All of this has enshrined concepts such as “reshoring”, “nearshoring” and “friend-shoring” as part of the new geopolitical toolkit. However deep the scepticism within the corporate world, the consensus for now is to play along, especially when there are generous incentives to move manufacturing bases and to create shorter and less globalised supply chains.

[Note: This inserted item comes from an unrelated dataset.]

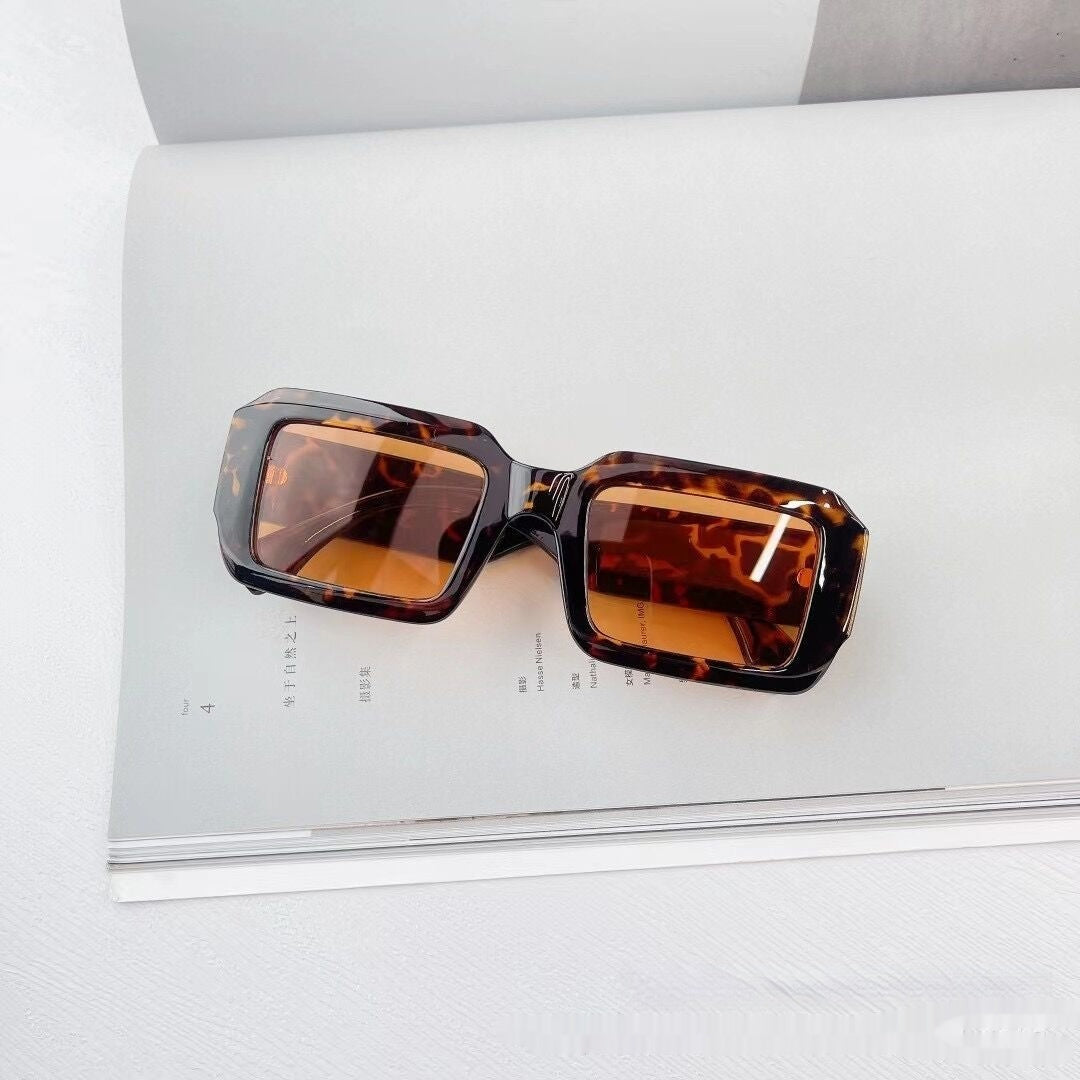 Tortoiseshell square sunglasses with brown lenses on an open magazine, FashionRay style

No one is sure how long this period will last, and it may be safest to assume that it is permanent. But as long as geopolitics are in the driving seat, the economic calculations that previously shaped global manufacturing will merely be passengers. Specifically, the pressure on companies to build multiple supply chains and reduce dependency on China creates new constraints on the ability to chase cheap labour wherever it is available. In many cases, moving manufacturing to the US or Japan will explicitly put it in places where labour and skills shortages are the most acute. The same dynamics are true in China, where the labour supply and demand gap has been widening steadily.

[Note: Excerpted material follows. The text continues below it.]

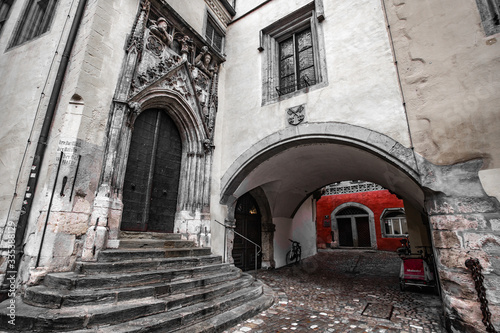 Black and white shot with red elements of Regensburg old town hall of Regensburg © maxim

This, of course, is where robots and factory automation jump in. In the case of brokers trying to sell Japan, it re-enforces the “buy” recommendations on (among many others) robot maker Fanuc and factory automation supremo Keyence. The latter is now the country’s second most valuable company behind Toyota and arguably the one that more clearly represents Japan’s industrial cutting edge.
Since last year, the export volumes of industrial robots from Japan to the US have been rising at an unprecedented rate, with shipments in October and December at record highs. Research by the Association for Advancing Automation found robot sales to North American companies at a record $2.38bn in 2022, up 18 per cent from the year before.
Critically, says Morten Paulsen, a robotics analyst at CLSA, the composition of those exports is changing. The US auto industry remains the dominant source of robot demand but the balance is now shifting towards other industries including semiconductors, food and metals production.
The idea that the politics of deglobalisation will continue to favour the robots has also produced some eye-catching forecasts. A recent report by Grand View Research found that the global market for machine vision — the cameras, sensors and readers that empower robots and other automation technology — reached $16.9bn last year. Grand View forecast that the industry will exceed $40bn by the end of the decade.
Goldman Sachs recently hit clients with a weighty report outlining the investment case for humanoid robots. In its “blue sky” scenario, the US labour shortage gap could be 126 per cent filled by 2030 if humanoids can be made to toil for a solid 20 hours a day. That is a mere trifle compared with the workload of brokers currently attempting to sell investors on the great robot story.